America at the Turning Point
The will to “fight” for American values – national security, immigration reform, education, deficit reduction, among many other issues – is at stake in an America divided and “at the turning point,” Panetta says.
“In a democracy, we govern either by leadership or by crisis. If leaders are willing to take the risks involved in leadership, we can avoid or contain crisis. But if leadership is not there, we will govern by crisis. That’s what we do today. We wait for crisis to happen and then respond.
“I’ve been in and out of Washington for over fifty years of public life,” Panetta continued. “Looking at the situation today, we are very much at a turning point for the United States. Obviously I’m concerned about the situation in Washington: It’s probably the ugliest I’ve seen…the gridlock and dysfunction in Washington is of great concern. And then you add to that a growing mood of somehow withdrawing from the world, not wanting to get involved and not exercising world leadership that this country has always been about. When you put those two together, it raises concerns about what kind of path the US will follow in the 21st century.”
One Country, Two Paths
Panetta, a long-time California Congressman (1977-1993) who has worked under both Democrat and Republican presidents, clearly envisions two separate paths for our country. One leads to rebirth; another to decline.
“I believe deeply we could have an America in Renaissance, a strong America in the 21st century,” he said. “The fundamentals of our economy are good; we’re an economy that has tremendous innovation and creativity [and] we can teach the skills that need to be part of the workforce of the 21st century.”
“We could truly develop energy independence for this country… [and] discipline our budget and do what needs to be done on the fiscal side to make sure that we set a strong path in the future. We can have a smaller defense but one that is agile and remains the strongest on the face of the earth, and supports a strong diplomatic effort that provides world leadership in a very troubled world.”
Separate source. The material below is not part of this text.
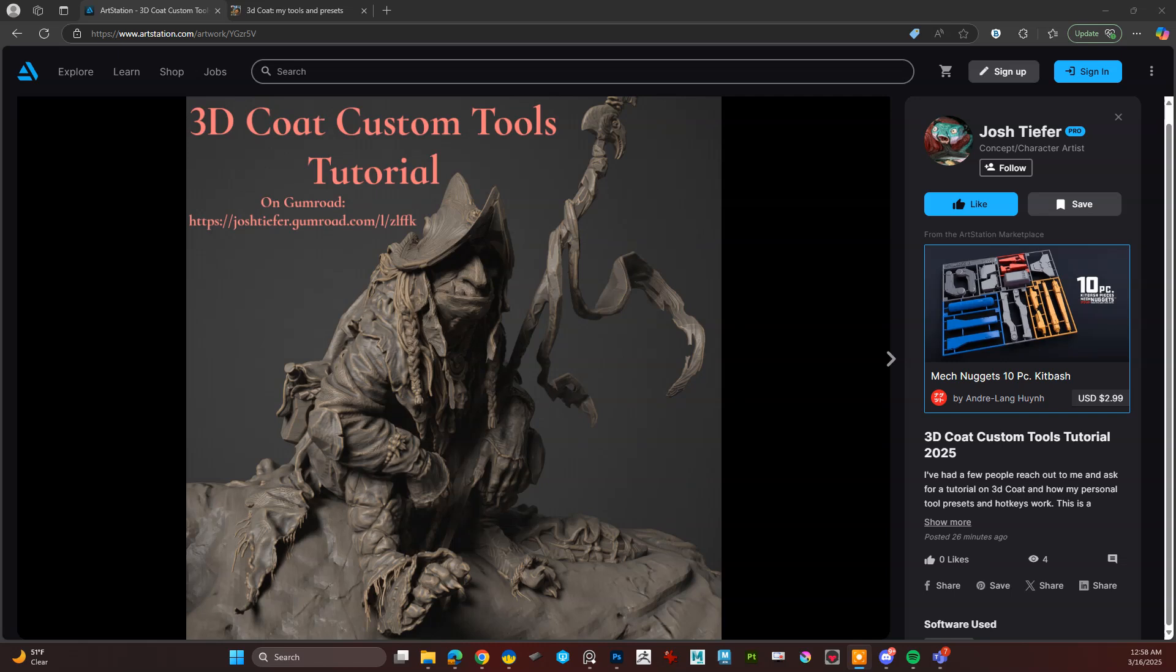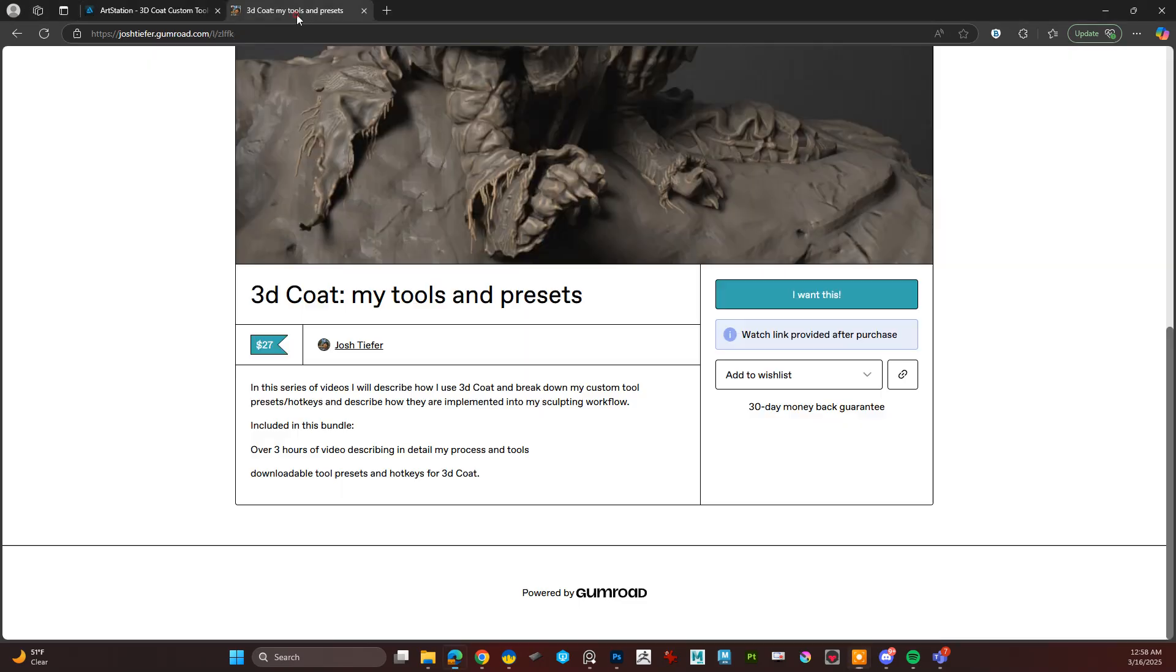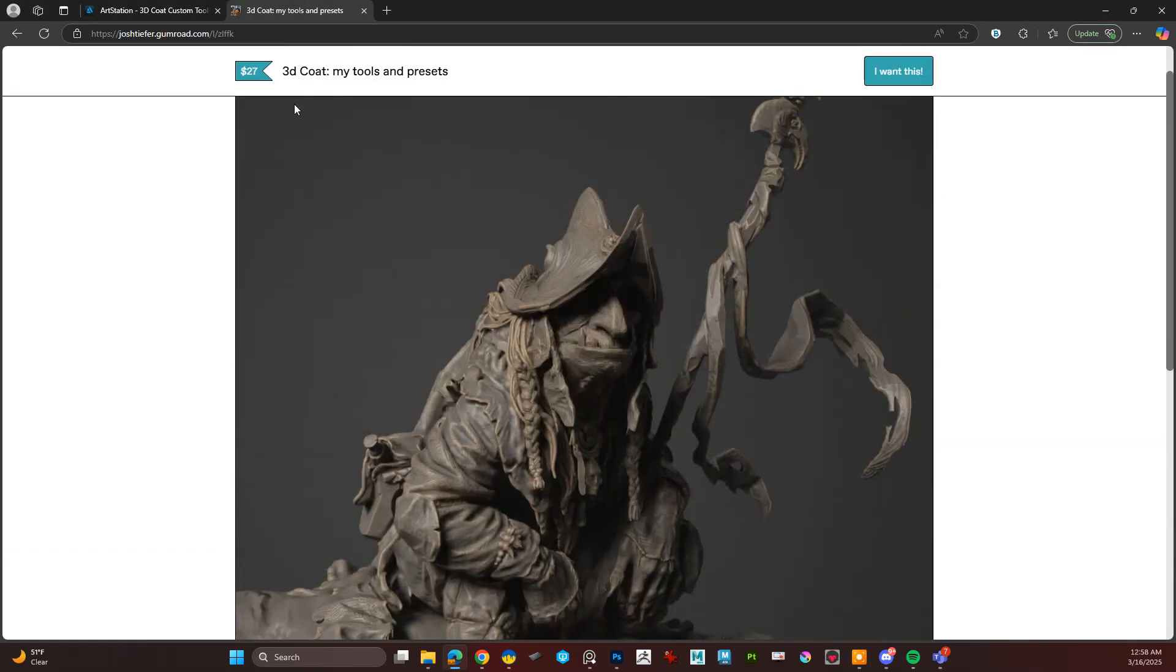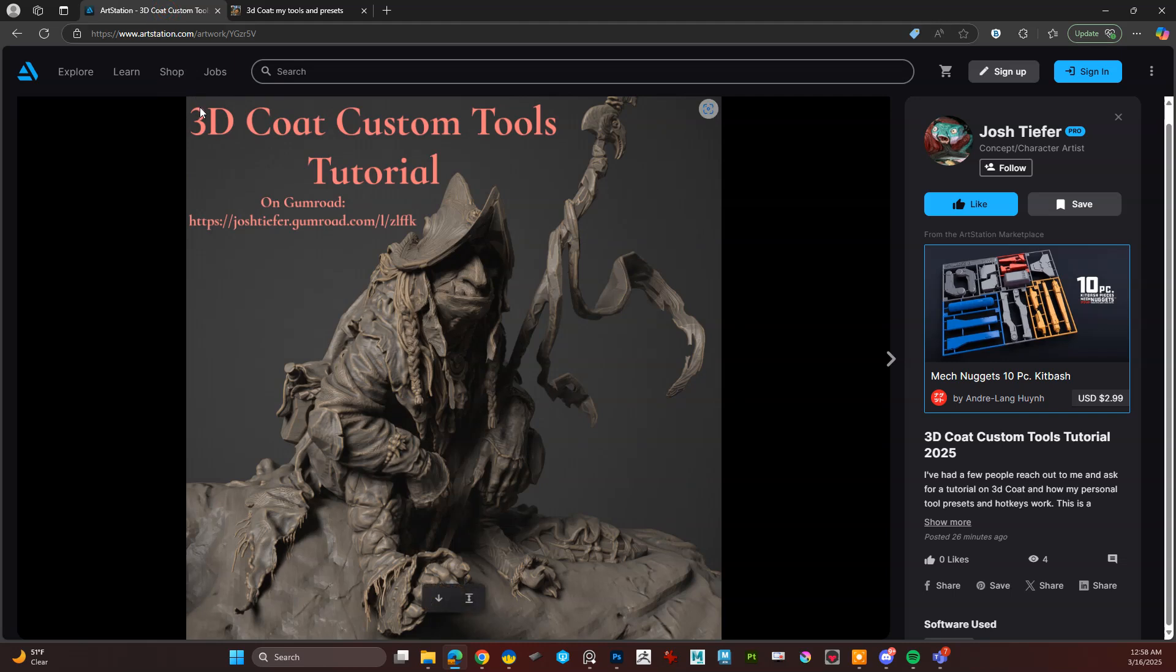But now I went to Gumroad and I made like a proper sort of 2025 tutorial and it's got my presets, my hotkeys, a little cheat sheet so you can just read what's what and I'll just be interested because people don't understand that this actually is not that big of a chump or a scrub when it comes to organic sculpting.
The first path, he maintained, requires governance. Elected leaders must work together across the aisle to make “tough decisions” on budgets, taxes, energy, transportation, education, defense, immigration and human rights.
But the second path would see “an America in decline, an America that operates by crisis after crisis… an America that is dysfunctional in terms of our ability to govern ourselves, an American unable to protect our most basic freedoms, our economy, and our national security.”
Whether we choose the first or second path depends on how we govern ourselves, Panetta said. He indicated the second troubled scenario fits the current Congressional trend. Extreme partisan gridlock and refusal to commit to hard decisions won’t move the country forward.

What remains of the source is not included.